Asked to reduce number of VLT halls, Prague city council decides to ban the lot

TAGs: czech republic, Prague, Video Lottery Terminals, VLTs

prague-gaming-club-banCouncilors in the city of Prague have voted to ban gaming clubs from the capital of the Czech Republic.

On Thursday, the Prague City Assembly surprised onlookers by voting to ban gaming clubs offering video lottery terminals (VLT). Prague’s mayor, Adriana Krnáčová, had originally proposed amending the city’s gambling laws to achieve a reduction in the number of VLT venues but councilors got a little carried away and decided to ban the lot.

The ban isn’t quite as absolute as it sounds, as around 100 officially designated ‘casinos’ will be allowed to carry on business as usual. But 212 smaller ‘gaming clubs’ are facing the axe, many of them on Jan. 1, 2016 when the measure goes into effect. Other affected venues will close within the next year or so as their licenses expire and are not renewed.

Ondřej Mirovský, the deputy mayor of Prague 7 district, said the measure was intended to get rid of the kind of “dirty venues” that had proliferated in recent years. In proposing the original reduction in the number of clubs, Mayor Krnáčová had linked the venues with “a number of sociological and pathological phenomena.”

Some districts of the city, like Prague 4, have opted to rid their streets of all gaming venues, regardless of their official designation. Similar purges have already been conducted outside the capital in Brno, České Budějovice, Zlín city center, and Kroměřiíž.

The gaming industry lobby isn’t waving the white flag just yet.
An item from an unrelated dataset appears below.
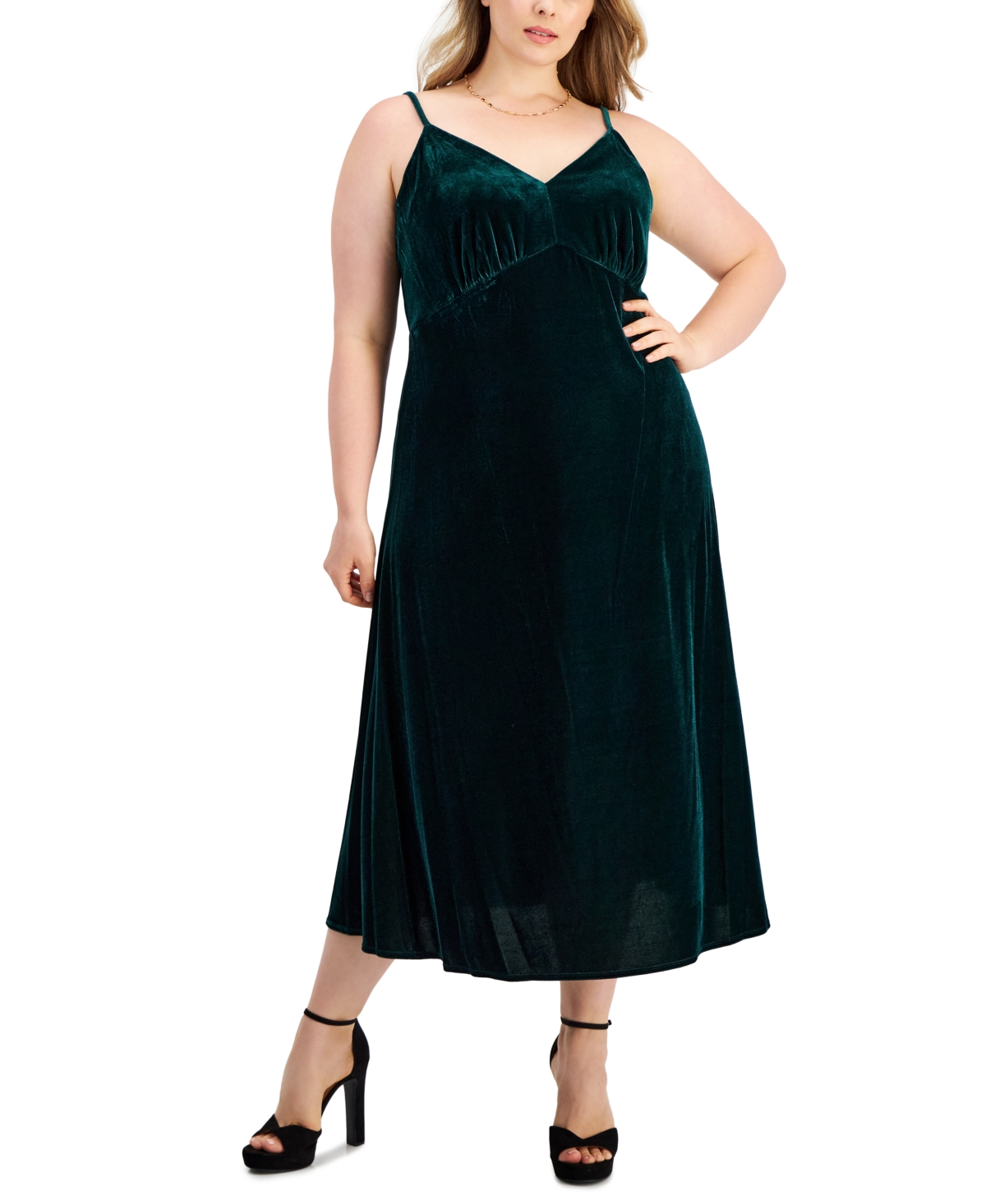 Shop Taylor Plus Size Velvet Empire-waist Sleeveless Midi Dress In Pea Green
Association of Gaming Operators exec Petr Vrzáň said his group had “no option but to fight such an attack on a legal enterprise.” Vrzáň vowed to lobby the Interior Ministry, the anti-monopoly office and the new leadership at City Hall in order to reverse the Assembly’s rash move.

Vrzáň told Radio Prague that the mayor’s original proposal was “rational, but it was swept aside in a populistic move.” In addition to the number of people who will lose their livelihood, Vrzáň warned that the closures would cost the city treasury around 300m koruna (US $11.8m) per year and would “open the door to illegal gambling and mafia activities.”